● What the exercise asks: A verbatim copy is needed of the lines below from the one containing "Solide mobiel werkplatform" up to and including the one containing "SoundSOUL Dancing Water", excluding pictures.

● Task material:
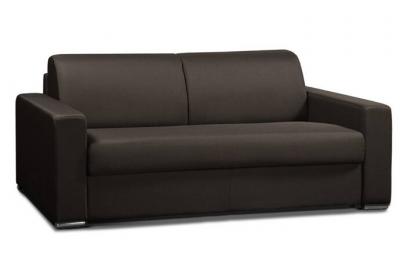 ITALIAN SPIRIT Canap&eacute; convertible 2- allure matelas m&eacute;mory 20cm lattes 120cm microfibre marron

...

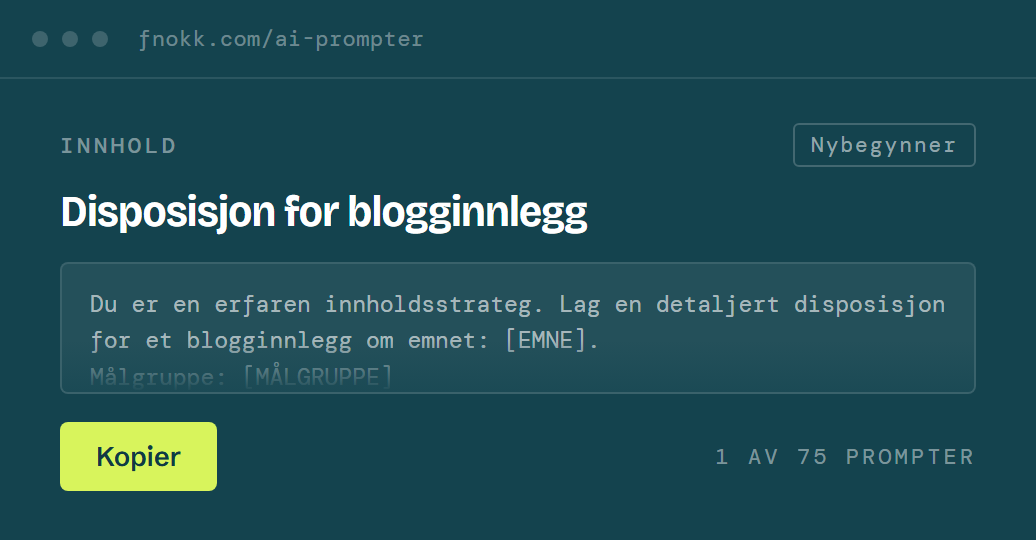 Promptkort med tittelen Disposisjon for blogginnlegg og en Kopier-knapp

...

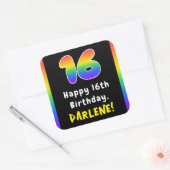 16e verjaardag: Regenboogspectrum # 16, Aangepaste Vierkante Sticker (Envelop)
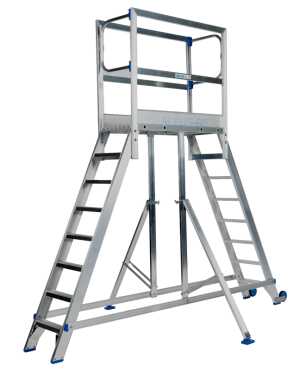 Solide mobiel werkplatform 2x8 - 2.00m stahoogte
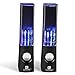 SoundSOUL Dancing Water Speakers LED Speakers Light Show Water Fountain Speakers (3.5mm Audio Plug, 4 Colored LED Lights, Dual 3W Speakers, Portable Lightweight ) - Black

● Answer for this exercise:
 Solide mobiel werkplatform 2x8 - 2.00m stahoogte
 SoundSOUL Dancing Water Speakers LED Speakers Light Show Water Fountain Speakers (3.5mm Audio Plug, 4 Colored LED Lights, Dual 3W Speakers, Portable Lightweight ) - Black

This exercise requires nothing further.